Every public account should therefore identify direction: who wrote to whom. It should reproduce the operative verbs without upgrading them. “Requests,” “urges,” “recommends,” “asks” and “notes” are not “orders,” “requires,” “directs” or “determines.” Even the stronger verbs need a legal basis before they bind.
The distinction is not pedantic. In a contested institutional environment, parties can cite correspondence selectively. One side may call an international request a government-backed instruction because a minister was copied. Another may call a statutory notice a mere political letter because it began with recitals. Accurate direction and instrument classification prevent both moves.
The Prime Minister's Gazette notice crossed into statutory action
The clearest government act in July 2025 was not an ordinary letter. On 18 July, the Prime Minister published General Notice No. 1045 of 2025 in the Mauritius Government Gazette. It invoked section 230 of the Companies Act and designated AFRINIC a declared company. It also called on the Registrar of Companies, under the statutory framework, to require a suitably qualified inspector to investigate the company's affairs and report.
Form changed the analysis. Section 230 supplies a route by which the Prime Minister, when satisfied of the statutory public-interest basis, may designate a company through notice in the Gazette. Section 231 concerns investigation by an inspector. The Gazette publication identified the officeholder, legal source, company and action. That is the architecture of a legal instrument, not merely political advice.
The recitals described concerns including receivership, interruption of new address issuance and reputational damage to Mauritius. These were the Prime Minister's stated grounds. Their appearance in the notice does not make every underlying factual proposition independently proved for all purposes. A court reviewing the act could examine the statutory threshold and evidence according to applicable law.
The legal effect was also narrower than the political setting. Designating AFRINIC a declared company enabled an investigation under the cited provisions. It did not, by the notice alone, appoint AFRINIC directors, choose candidates, certify the election, remove the receiver, transfer number resources, rewrite the constitution or resolve litigation between AFRINIC and a member.
An inspector investigates and reports. The inspector does not become the company's governing organ. Findings may later support regulatory, judicial or company action, but those later steps require their own authority. The label “declared company” should not be treated as executive ownership.
This is the correct way to recognise ministerial leverage without exaggerating it. The Prime Minister had a real statutory lever. The lever opened an investigative route. Its existence did not collapse every other institution into executive control.

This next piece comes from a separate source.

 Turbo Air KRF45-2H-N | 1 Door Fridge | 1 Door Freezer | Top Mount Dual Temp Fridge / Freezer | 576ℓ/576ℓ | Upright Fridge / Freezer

Concern, request and authority can be tested line by line
A useful reading method classifies each operative sentence in correspondence or an official notice.
If a sentence says AFRINIC's condition threatens Internet stability, classify it as a concern or assertion. Ask what evidence supports it and whether the sender is reporting direct knowledge, technical inference or stakeholder information.
If a sentence asks the receiver to preserve records, publish an explanation or modify an election procedure, classify it as a request. Ask whether the receiver already has power to comply, whether court approval is needed and whether the request affects member rights.
If a sentence says information has been referred to police, the Registrar or the court, classify it as a procedural step. Ask what jurisdiction the recipient has and whether the referral triggers any statutory duty.
If a sentence designates a company under section 230 through Gazette notice, classify it as an asserted exercise of statutory authority. Ask whether the legal prerequisites, form and scope are satisfied and what review is available.
If a court orders an election by a deadline, classify it as judicial authority. Ask which parties and officeholders are bound, what discretion remains and how variation can be sought.
If members elect directors under valid rules, classify the result as a company-governance act. Ask whether the electorate, notice, voting and certification requirements were met. A minister's approval is not an extra requirement unless law says so; a minister's disapproval is not an automatic veto.
This line-by-line method prevents a document's tone from swallowing its legal content. A diplomatic letter can sound commanding while remaining a request. A short Gazette notice can sound administrative while changing legal status for a defined purpose.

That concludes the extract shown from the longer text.